= TASK PROMPT =
Write out again only the lines between the one with "QR Code for" and the end of the records below, both ends counted, and don't include the pictures.

___ SUPPLIED MATERIAL ___

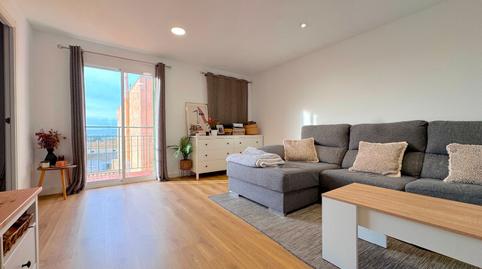 Penthouse for sale in Es Pil·larí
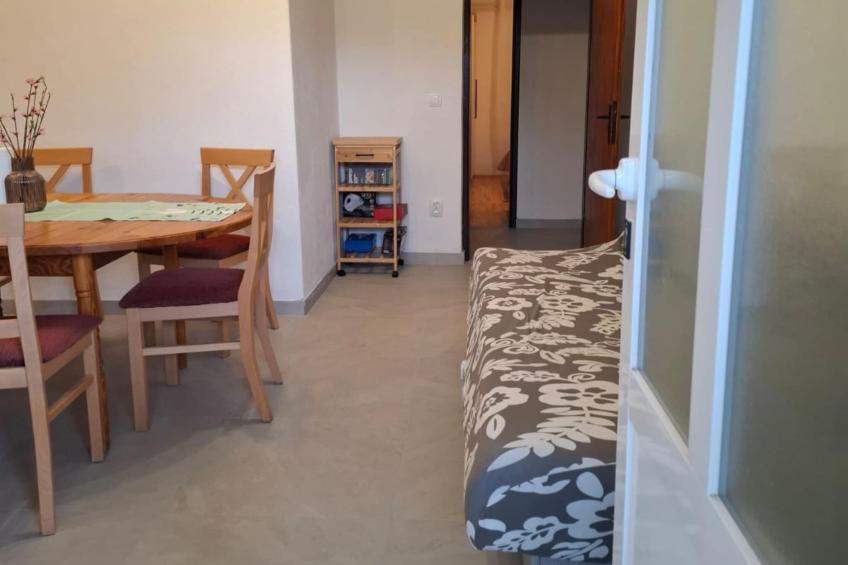 Apartments Marita - One Bedroom Apartment - foto 29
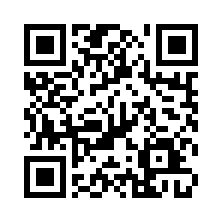QR Code for 1L1EAm58WZSSdLBch8t3PJQh1XLptpn16N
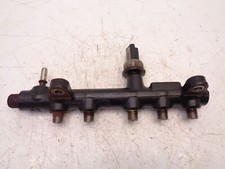 Tubo Rail per Ford Kuga MK2
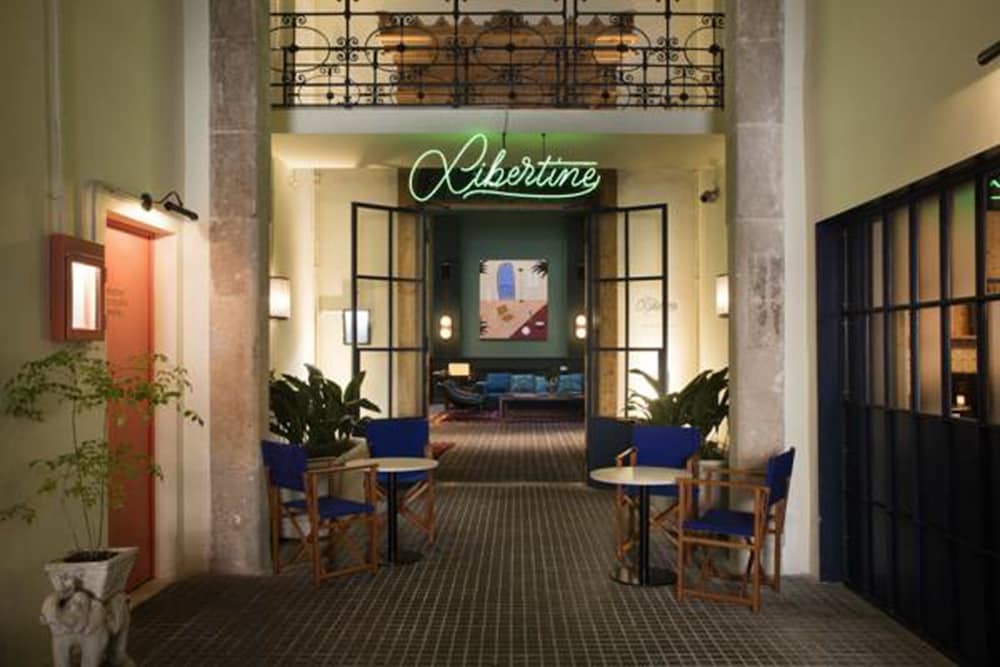 Hotel Casa Bonay & Spa 2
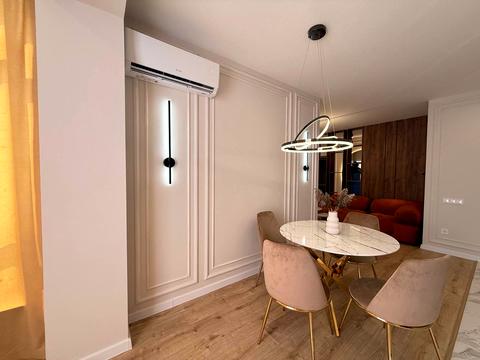 квартира за адресою Височана вул., 18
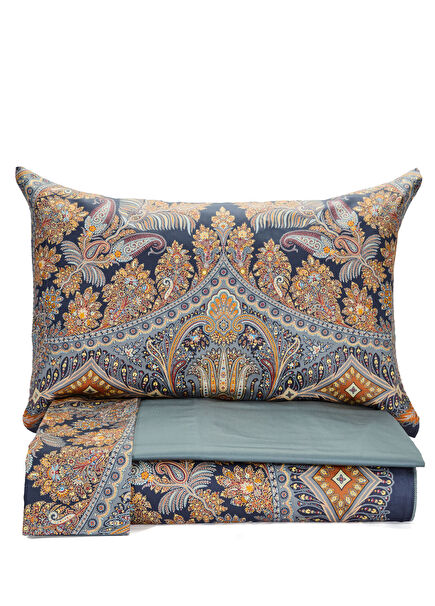 Kiri Double Duvet Cover Set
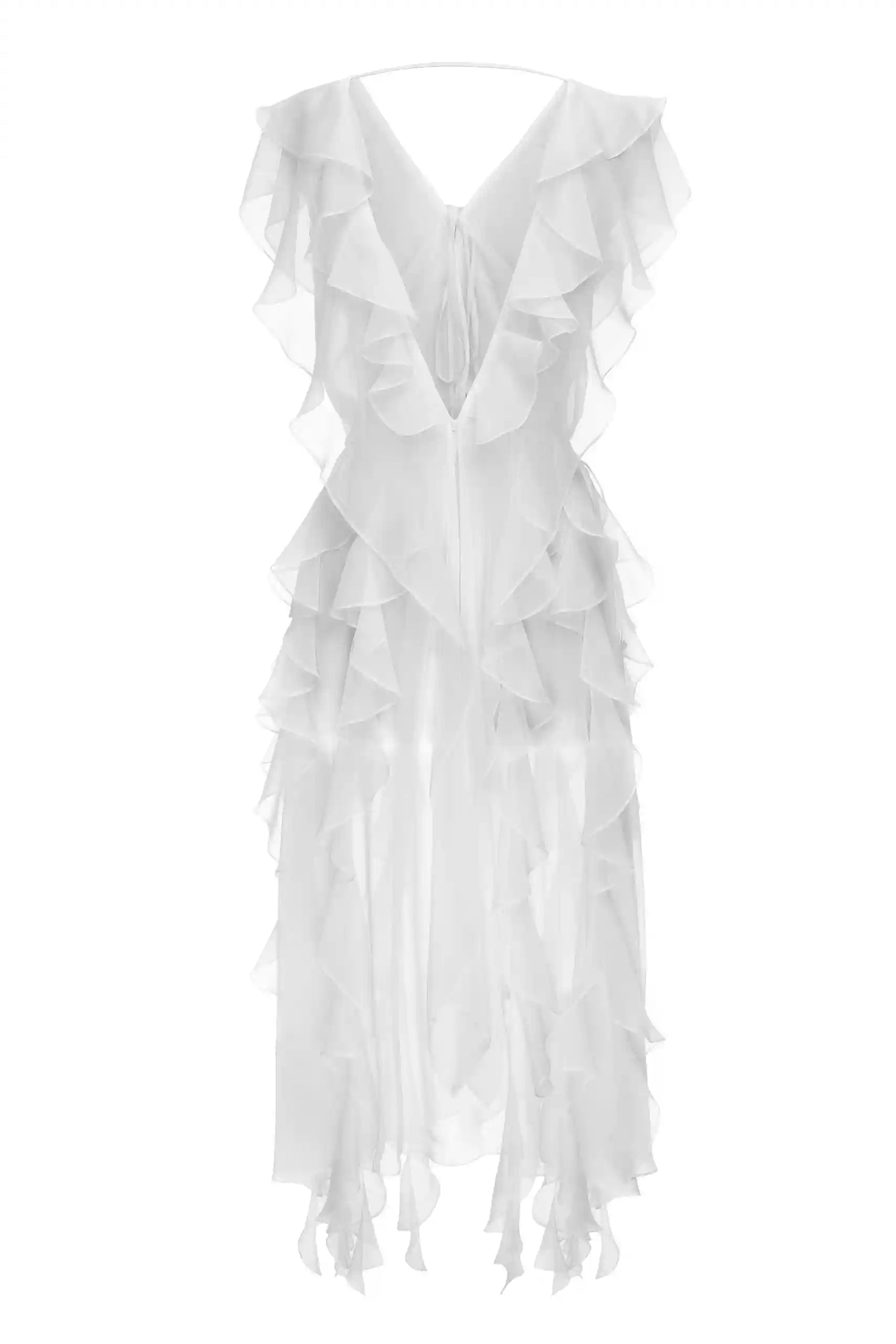 Ondy Dress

___

= SOLUTION TO THIS PROBLEM =
QR Code for 1L1EAm58WZSSdLBch8t3PJQh1XLptpn16N
 Tubo Rail per Ford Kuga MK2
 Hotel Casa Bonay & Spa 2
 квартира за адресою Височана вул., 18
 Kiri Double Duvet Cover Set
 Ondy Dress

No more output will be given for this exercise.